BER-SciDAC Partnership Breakout
The BER-SciDAC partnership had its breakout session on day 2, which started with overview talks of the seven projects working within the E3SM ecosystem. For the second half of the session, Sarat Sreepathi, the BER Point-of-Contact on the SciDAC Coordination Committee briefly summarized the impact of collaborations among ASCR institutes and BER projects throughout SciDAC history and emphasized the evolution of computational tractability for earth science applications. Invited perspectives provided by representatives from both SciDAC Institutes, Ann Almgren (FASTMath) and Shinjae Yoo (RAPIDS), stimulated further discussions on interdisciplinary collaborations. Despite the well-known challenges related to language barriers and cultural differences across disciplines, participants from both the computational side and the Earth system science side expressed enthusiasm in the BER-SciDAC partnership as well as their appreciation of the open-mindedness of the participants.
In addition to providing an overview of FASTMath capabilities and partnerships with BER, Ann emphasized how each partnership has unique challenges and opportunities, and while software is an important aspect, successful collaboration also takes the form of sharing expertise. This takes time and open conversation, and the SciDAC program fosters this. Often what is considered “hard” or “easy” to an expert in one field is viewed differently by experts in another; not realizing this might lead to missed opportunities.
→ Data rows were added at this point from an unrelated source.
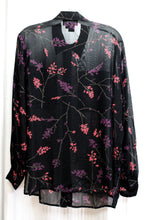 Load image into Gallery viewer, Carole Little - Black Semi Sheer Floral Button Front w/ Pockets Blouse - Size 4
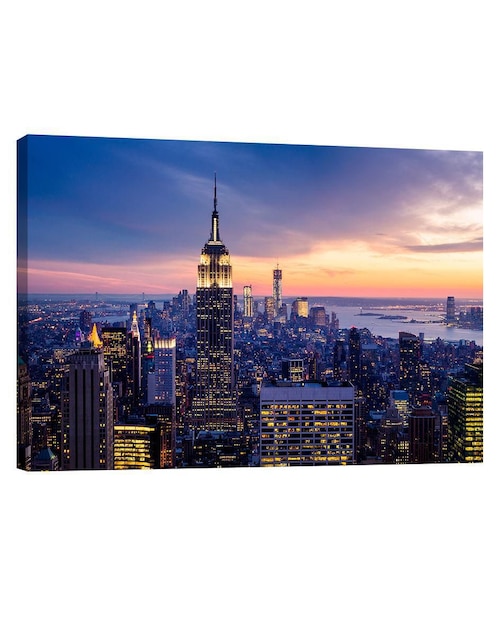 Cuadro decorativo Pixelarte Nueva York Empire State De Noche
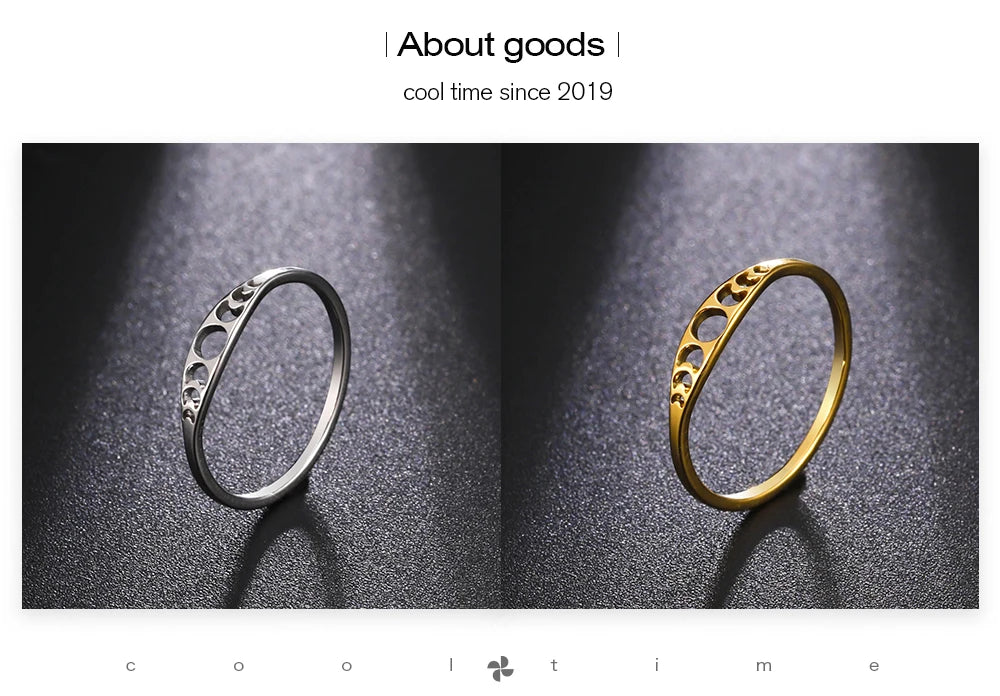 COOLTIME Moon Phase Ring for Women Stainless Steel Minimalist Couple Rings Jewelry Anniversary Gift 2026 New in Wholesale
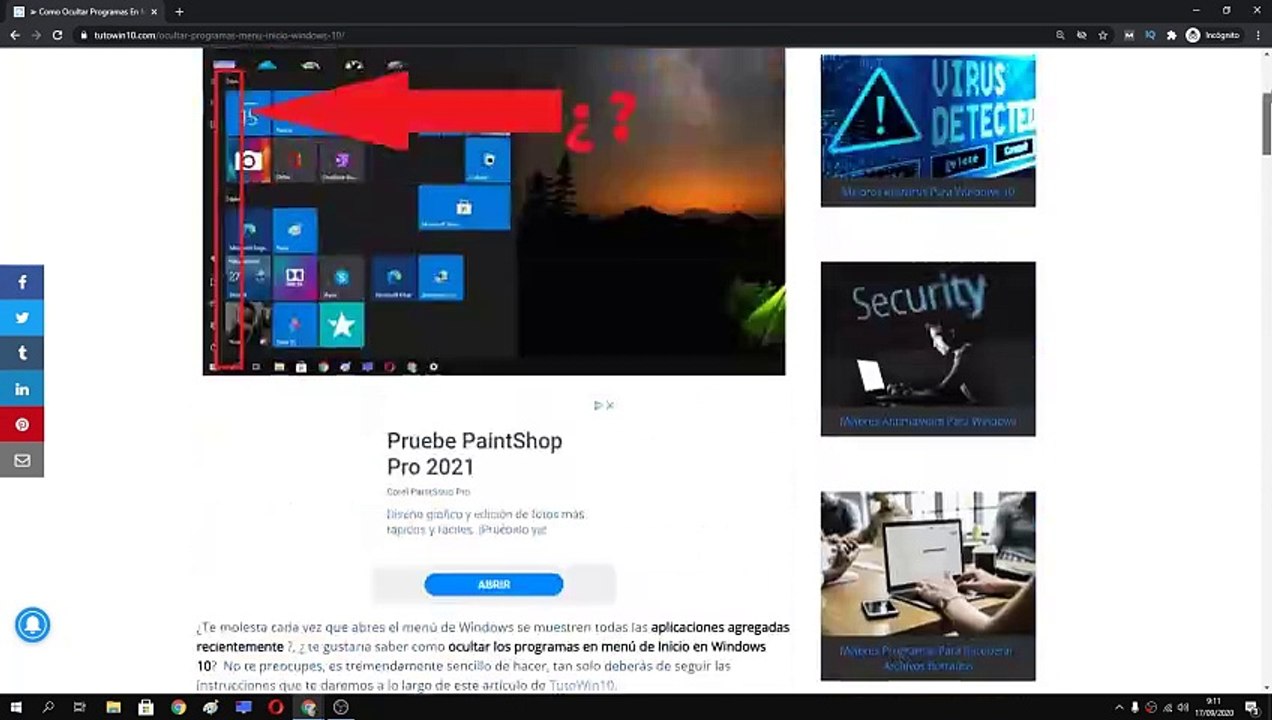  Como OCULTAR PROGRAMAS AGREGADOS RECIENTEMENTE en INICIO en WINDOWS 10 FÁCIL y RÁPIDO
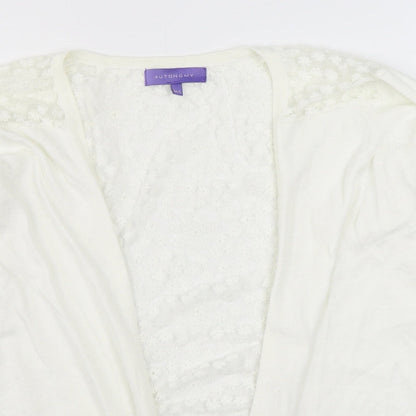 Autonomy Womens White V-Neck  Viscose Cardigan Jumper Size M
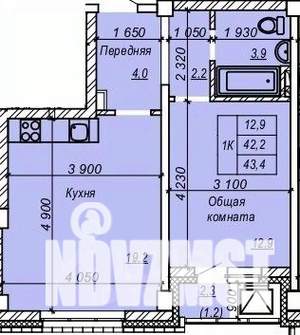 1-к квартира, строящийся дом, 43м2, 7/9 этаж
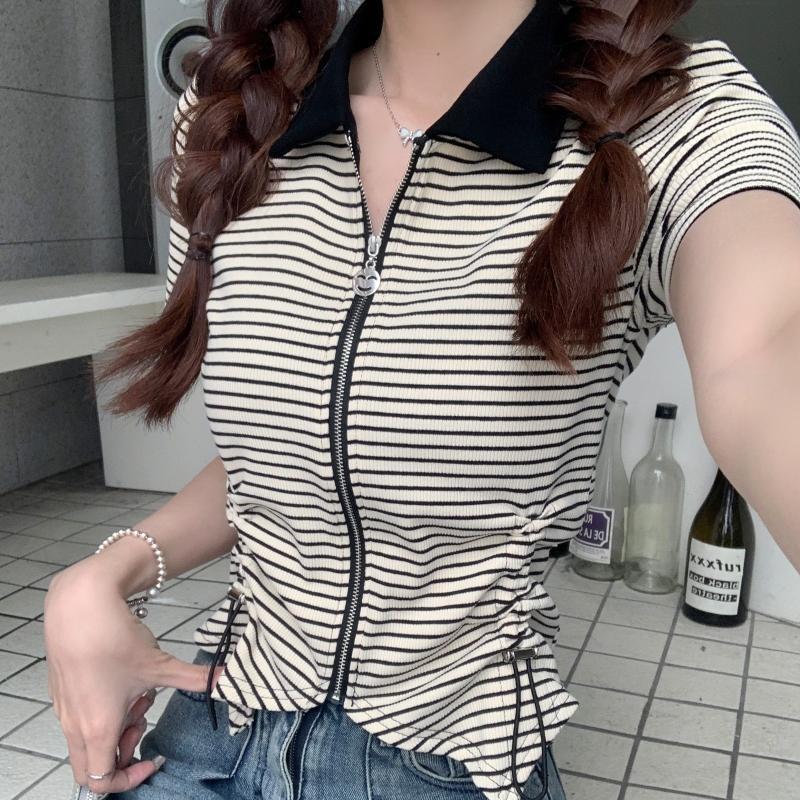 Polo Collar Drawstring Striped Short Sleeve T-Shirt for Women - 2025 Summer Slim Fit Versatile Niche Design Top, Y2K Style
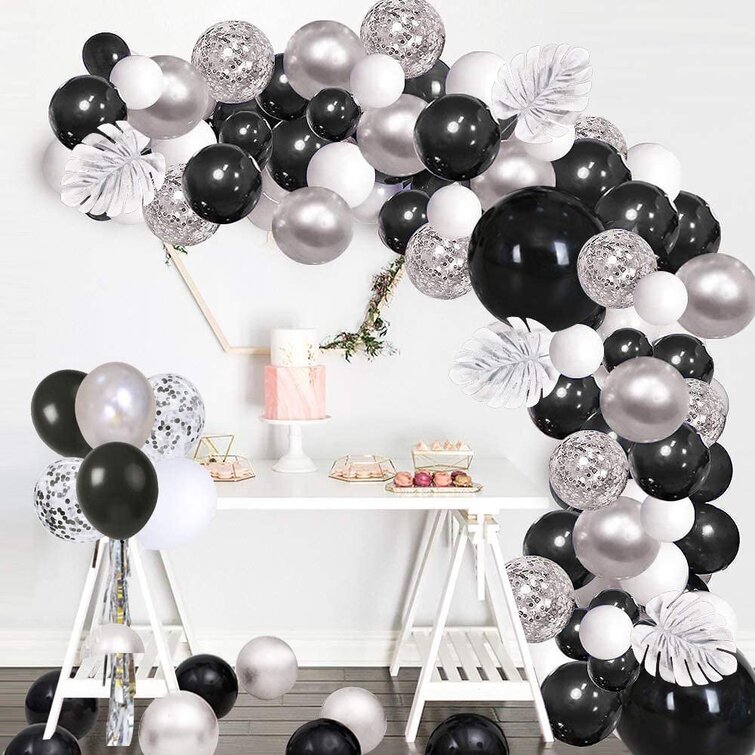 Black Silver And White Balloon Garland Kit Double Stuffed Black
The need for software sustainability was emphasized especially in the context of application-aware algorithms and numerical method development and there was a brief discussion on the path forward with the end of Exascale Computing Project that provided partial support for such work.
Shinjae provided BER-focused examples for the RAPIDS capabilities areas of data understanding, platform readiness, data management, and artificial intelligence (AI). AI applications were discussed at length by the group, with a lot of interest in AI-generated surrogate models for reduced computational cost. There was further discussion on approaches for increasing trustworthiness of AI, including physics-constrained machine learning.
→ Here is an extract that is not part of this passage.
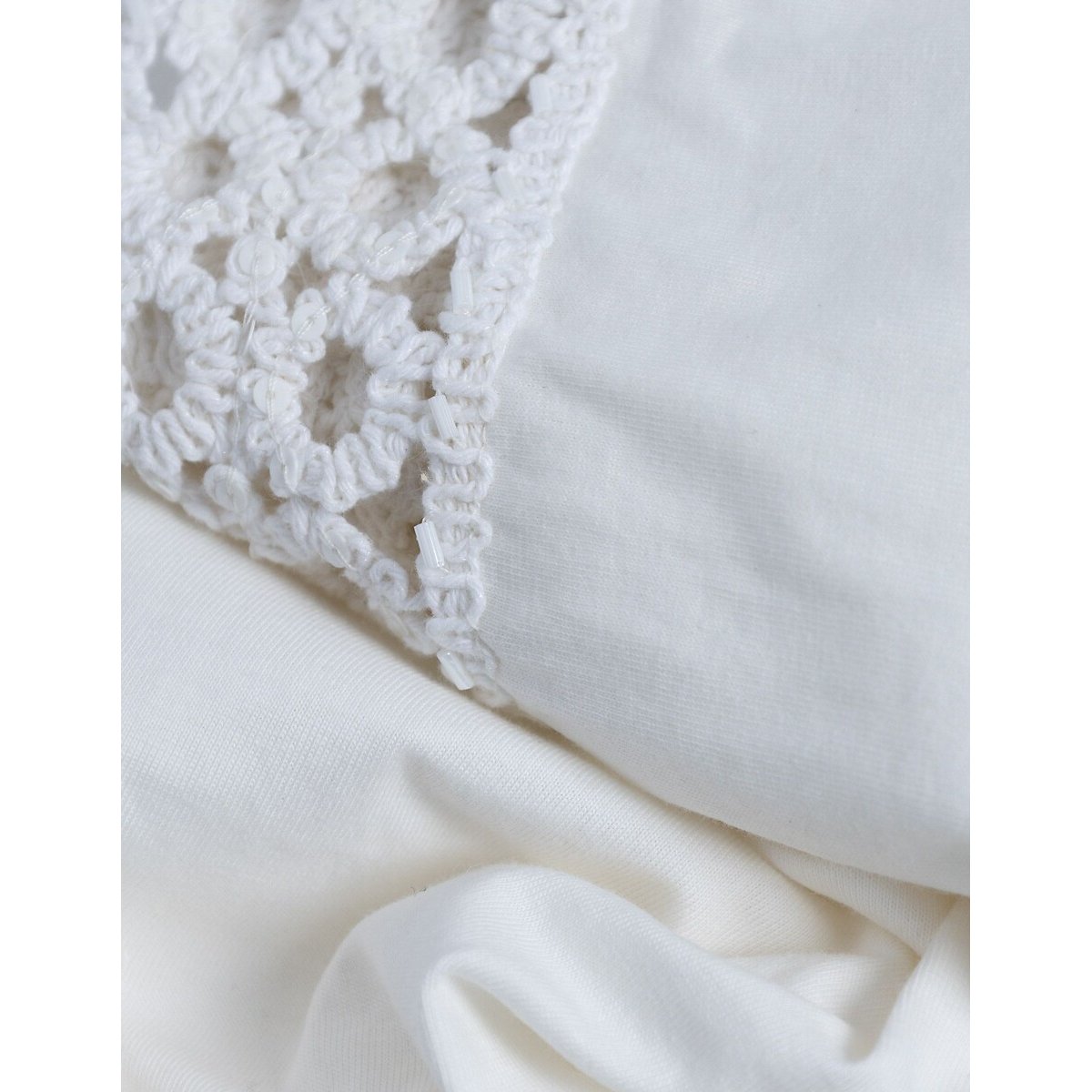 T-shirt col rond manches courtes à broderies blanc cassé, IKKS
Cross-Discipline Discussion
The breakout also included an hour dedicated to group discussion on a series of cross-cutting topics including 1) Computational resources, 2) Multiscale representations and 3) Vision of computational climate science in 5 and 10 years, led by Matt Hoffman, Hui Wan and Sarat Sreepathi respectively.
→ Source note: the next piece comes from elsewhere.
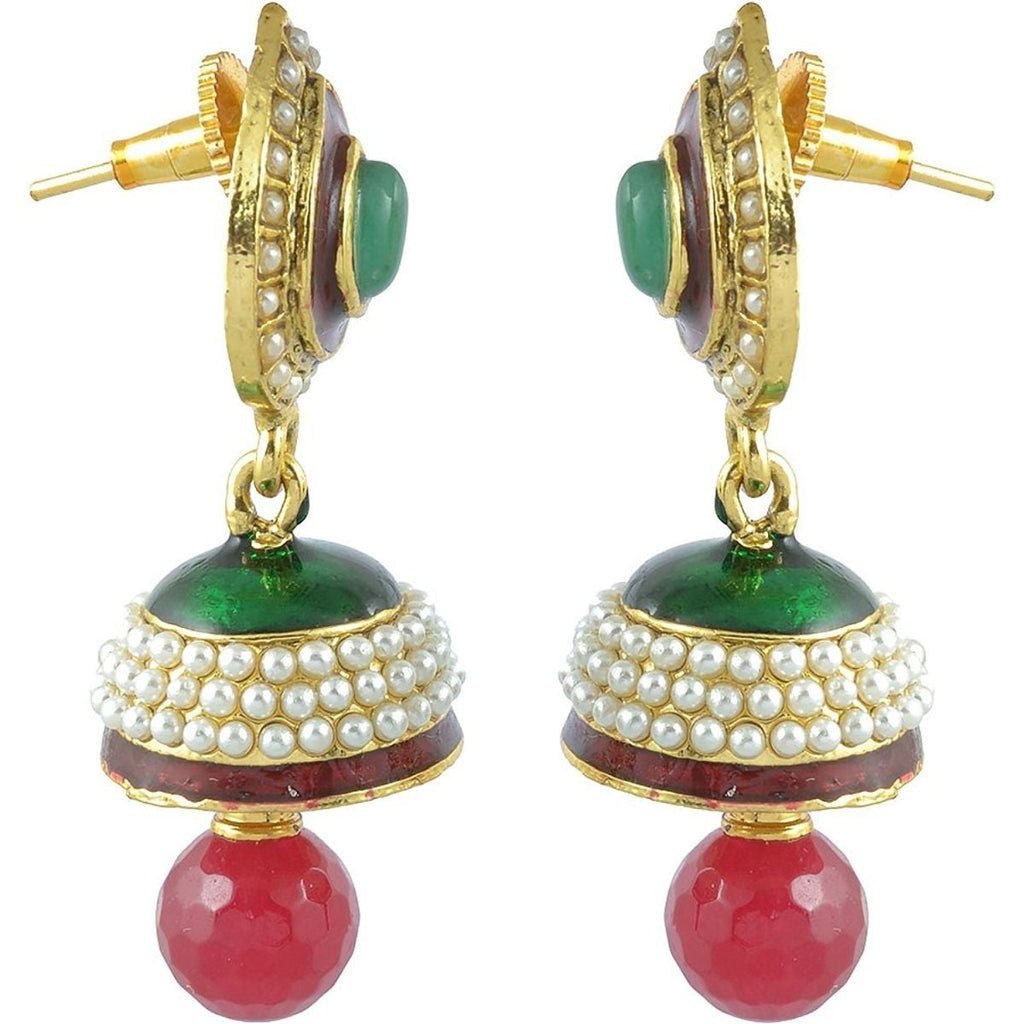 Ruby Emerald Pearl Enamel Jhumki Earring For Women Bulk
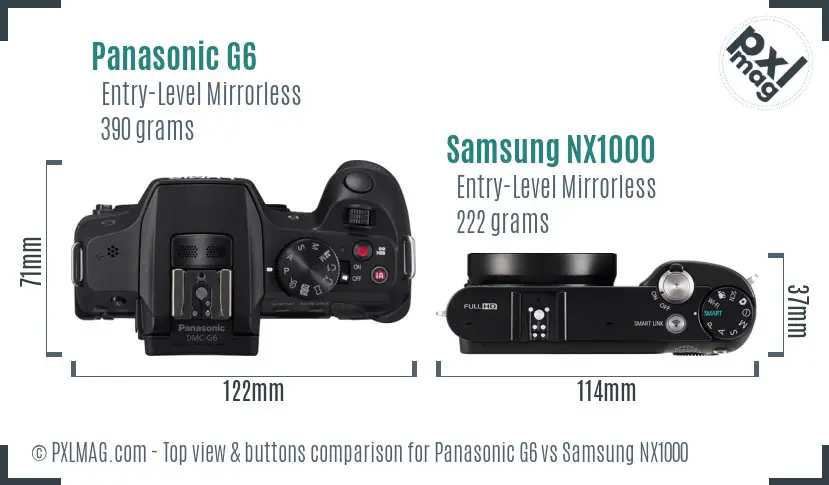 Panasonic G6 vs Samsung NX1000 top view buttons comparison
Key Points from the three topics are summarized below with details elaborated thereafter:
- Computational resources: GPU utilization remains a challenge in Earth system modeling but many strategies are being identified through collaboration with computational scientists. Some of these strategies are leading to new scientific directions.
- Multiscale representations: Multiscale representation has been tackled by varying resolution or by embedding subgrid process models, each of which present tradeoffs. Evaluating the best solution for a given situation requires careful consideration on both the science and computational sides.
- Vision of computational climate science: Over the next decade, computational climate science must embrace new approaches and broaden its workforce.
- Computational resources: An ongoing challenge across SciDAC projects is effective utilization of the current generation of GPU-based supercomputers. The DOE leadership-class machines (OLCF, ALCF) provide an avenue for very high resolution simulations while limited capacity is available at NERSC to support large ensembles of low to medium resolutions. Scientifically, large ensembles have a lot of advantages over single “hero” simulations, but it is much harder to justify many small jobs in allocation requests and historically, these have not been successful. Some ideas discussed were stochastic models, fault-tolerant bundled ensembles, thinking beyond ensembles to utilize exascale, and lobbying for large capacity in addition to large capability allocation opportunities. AI/ML was discussed at length as one way to effectively utilize GPU resources. While it is becoming common to use AI/ML to generate cheaper surrogate models or parameterizations, there are also opportunities to use AI/ML to optimize simulation campaigns or workflows, provide resource management and manage load balancing. Superparameterization (i.e., a high resolution model embedded in the primary model as a subgrid parameterization) algorithms on the GPU side paired with standard resolution physics on the CPU side is a promising avenue for fully exploiting this generation of supercomputers while also capturing high resolution processes. In-situ analysis and visualization is another potential growth area for utilizing GPUs, but there was general agreement that this requires detailed consideration early in a simulation campaign design due to the natural desire to want to retain the opportunity to re-analyze any part of a simulation. Often the important aspects of a simulation to analyze are not known a priori. Perhaps AI/ML can identify those things during simulation.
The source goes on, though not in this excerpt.